METHODOLOGY: Researchers are examining these properties and have presented a series of numerical simulations to investigate droplet dispersion from a sneeze by varying a series of human physiological factors. A sneeze was chosen as it is the most extreme respiratory event in terms of droplet propulsion in distance when compared to coughing or speaking. The simulations varied physiological factors that can be associated with illness, stress, sex, and dental health of the host. Results show that exposure levels are in fact, highly dependent on individual fluid properties.
(Source: https://aip.scitation.org/doi/10.1063/5.0032006, Michael Kinzel, PhD, Assistant Professor, Mechanical and Aerospace Engineering, University of Central Florida)
RESULTS: Congestion was actually one of the major factors that increased droplet dispersal. When a host’s nose is clear, it provides an additional passage for the sneeze to exit relieving pressure. However, when the host’s nose is congested, the space in which the sneeze can exit is restricted causing the droplets all to be expelled from the mouth and also cause an increase in their velocity. Similarly, a full set of teeth can have a similar restrictive effect also causing the droplets’ dispersal velocity to increase when compared to models with no teeth.

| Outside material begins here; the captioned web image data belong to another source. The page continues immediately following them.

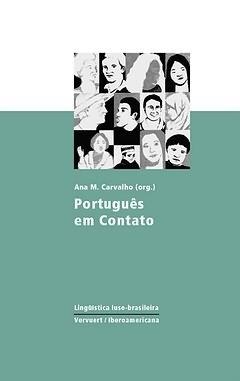 PORTUGES EM CONTATO | 9788484894100 | CARVALHO, A. M.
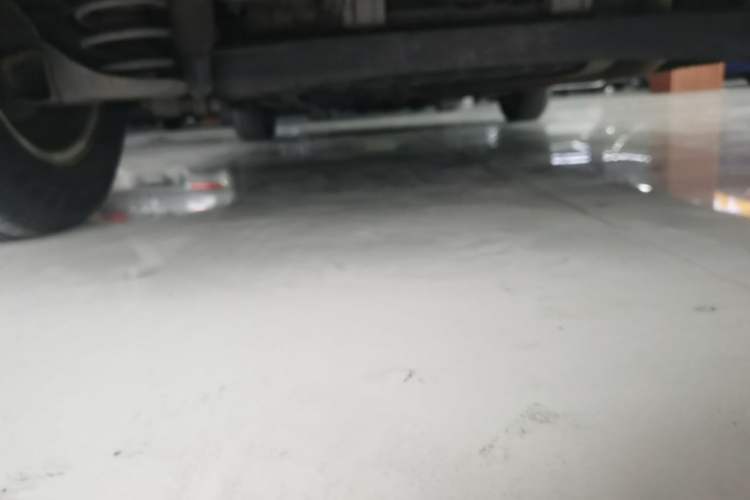 Used Hyundai Elantra (5th Generation / Langdong) 2012 1.6L Automatic Fashion Edition Chassis Front Right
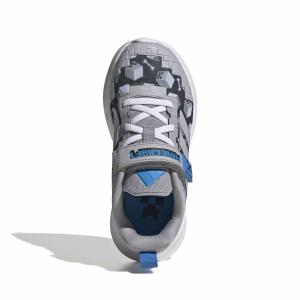 Zapatillas infantil adidas Minecraft Fortarun 4.0 EL image-5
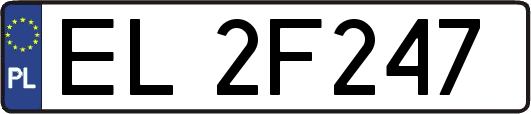 EL2F247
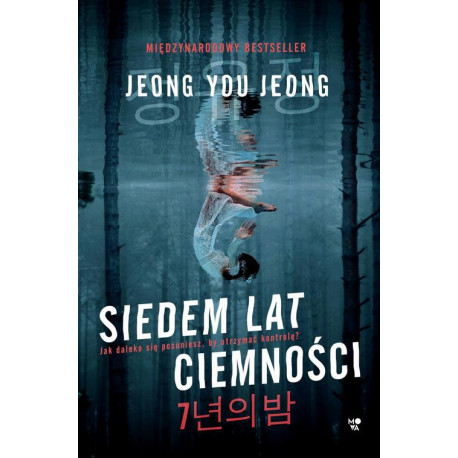 Siedem lat ciemności [E-Book] [mobi]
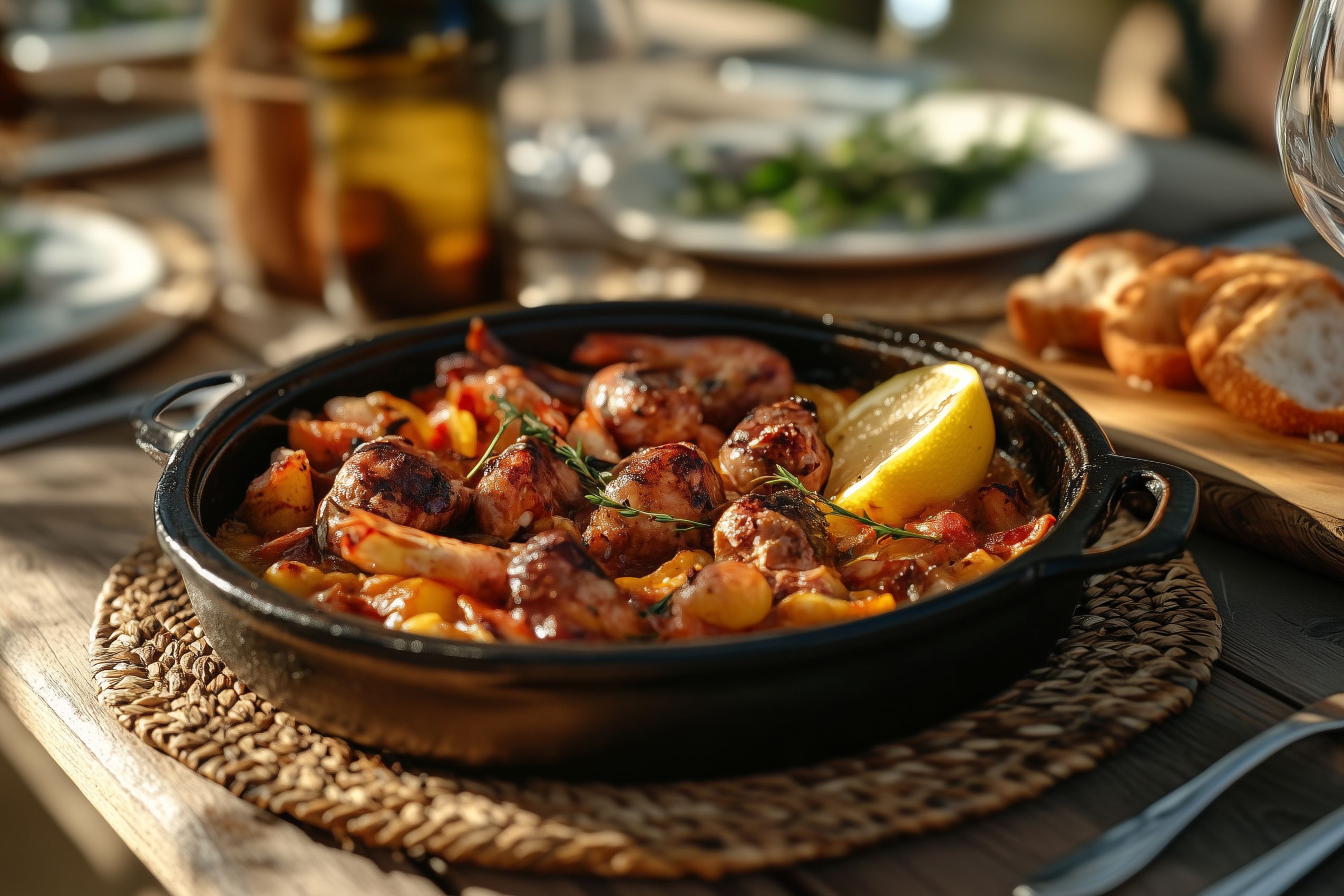 Fond d'écran nourriture wallpaper 3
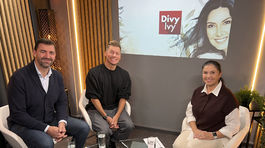 Divy Ivy, Malachovská, Rančík, Puskailer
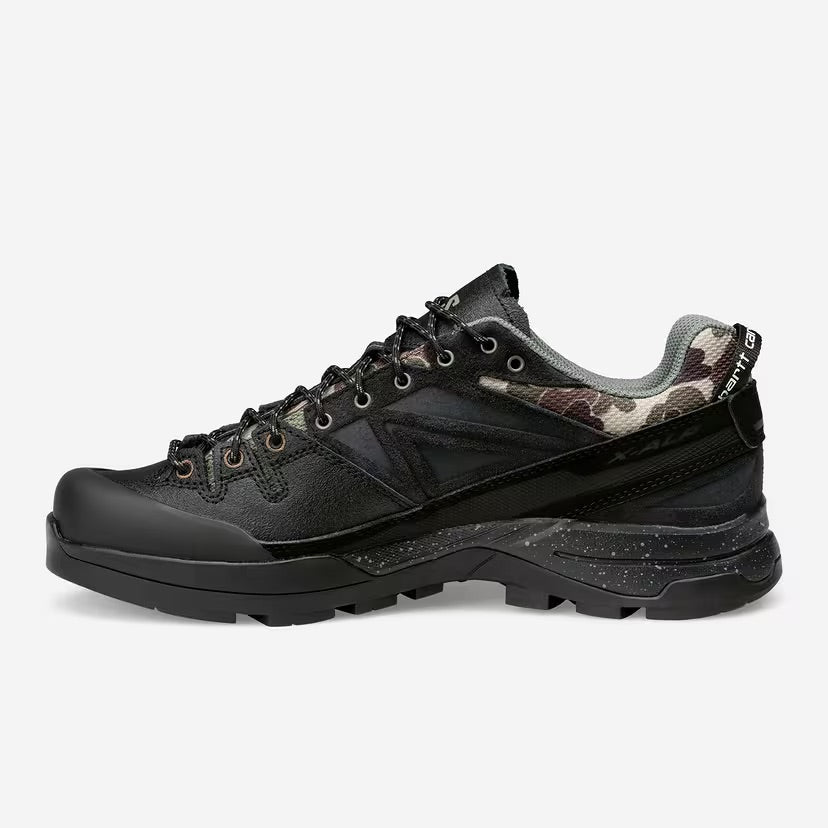 Salomon X-ALP Carhartt WIP - Black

In totality of the model testing of differentiating simulated sneezes, researchers found that the spray distance of droplet expulsion for both a congested nose and a full set of teeth is about 60 percent greater than when they do not. The data suggests that when someone keeps their nose clear by blowing it into a tissue or utilizing a Neti pot, they could significantly reduce the distance their germs travel and spread viruses.